Introducing architecture variants

mobilio|4 months ago

Announce was here: https://discourse.ubuntu.com/t/introducing-architecture-vari...

and key point: "Previous benchmarks we have run (where we rebuilt the entire archive for x86-64-v3 57) show that most packages show a slight (around 1%) performance improvement and some packages, mostly those that are somewhat numerical in nature, improve more than that."

ninkendo|4 months ago

> show that most packages show a slight (around 1%) performance improvement

This takes me back to arguing with Gentoo users 20 years ago who insisted that compiling everything from source for their machine made everything faster.

The consensus at the time was basically "theoretically, it's possible, but in practice, gcc isn't really doing much with the extra instructions anyway".

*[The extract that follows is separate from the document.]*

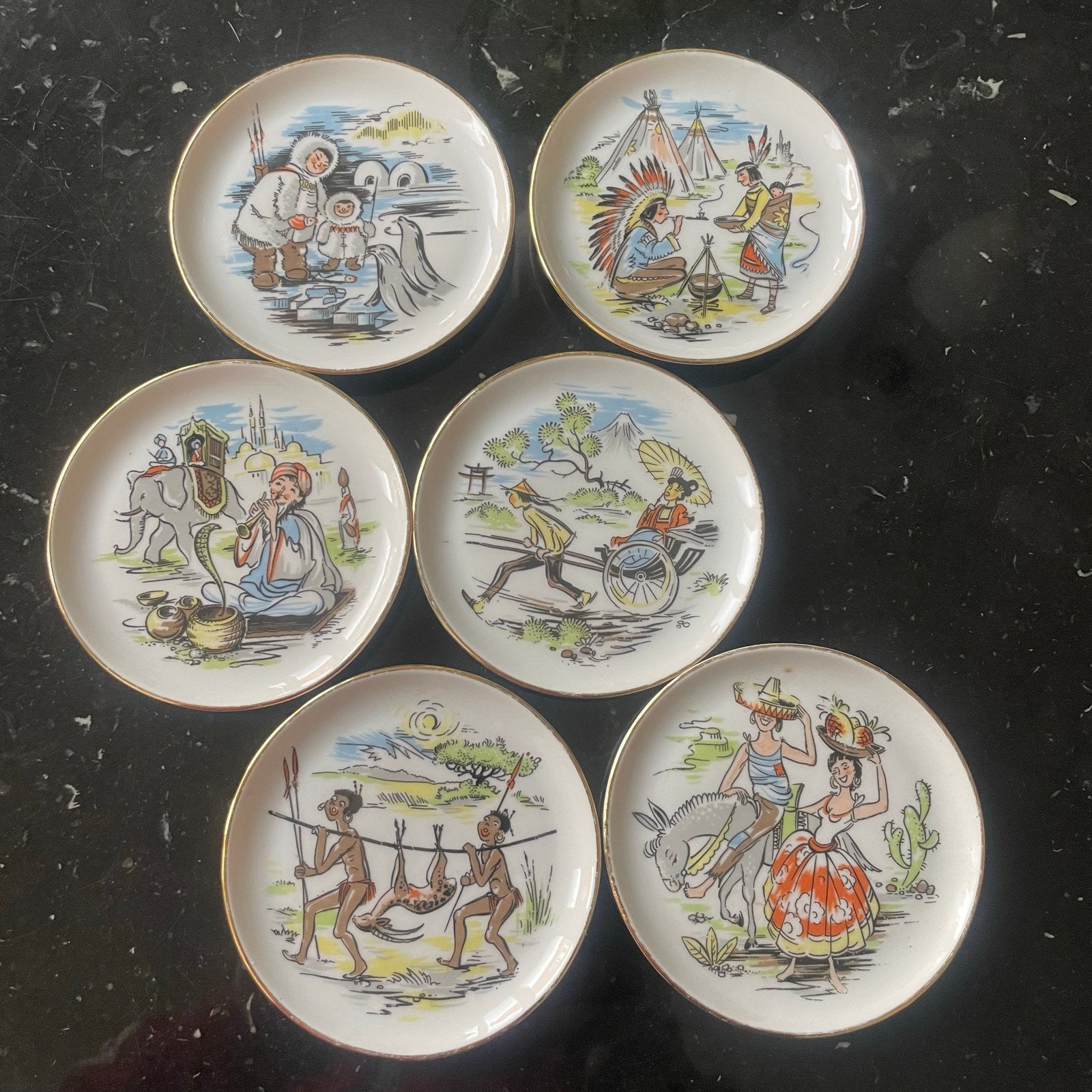 Set van 6 antieke keramieken snackbordjes - Spenzo, Ophalen of Verzenden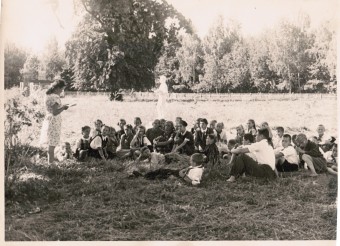 Лот 030  Фотография СССР 50-е гг.  Пионерский лагерь. Занятия по литературе.  Формат 23 х 17 см.      2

Then there's stuff like glibc which has custom assembly versions of things like memcpy/etc, and selects from them at startup. I'm not really sure if that was common 20 years ago but it is now.

It's cool that after 20 years we can finally start using the newer instructions in binary packages, but it definitely seems to not matter all that much, still.

juujian|4 months ago

Are there any use cases where that 1% is worth any hassle whatsoever?

dang|4 months ago

Thanks - we've merged the comments from https://news.ycombinator.com/item?id=45772579 into this thread, which had that original source.

horizion2025|4 months ago

How many additions have there even been outside of AVX-x? And even AVX-2 is from 2011. If we ignore AVX-x the last I can recall are the few instructions added in the manipulation sets BMI/ABM, but they are Haswell/Piledriver/Jaguar era (2012-2013). While some specific cases could benefit, doesn't seem like a goldmine of performance improvements.

Further, maybe it has not been a focus for compiler vendors to generate good code for these higher-level archs if few are using the feature. So Ubuntu's move could improve that.

jwrallie|4 months ago

Is it worth it losing the ability to just put your hdd on your older laptop and booting it in an emergency?

pizlonator|4 months ago

That 1% number is interesting but risks missing the point.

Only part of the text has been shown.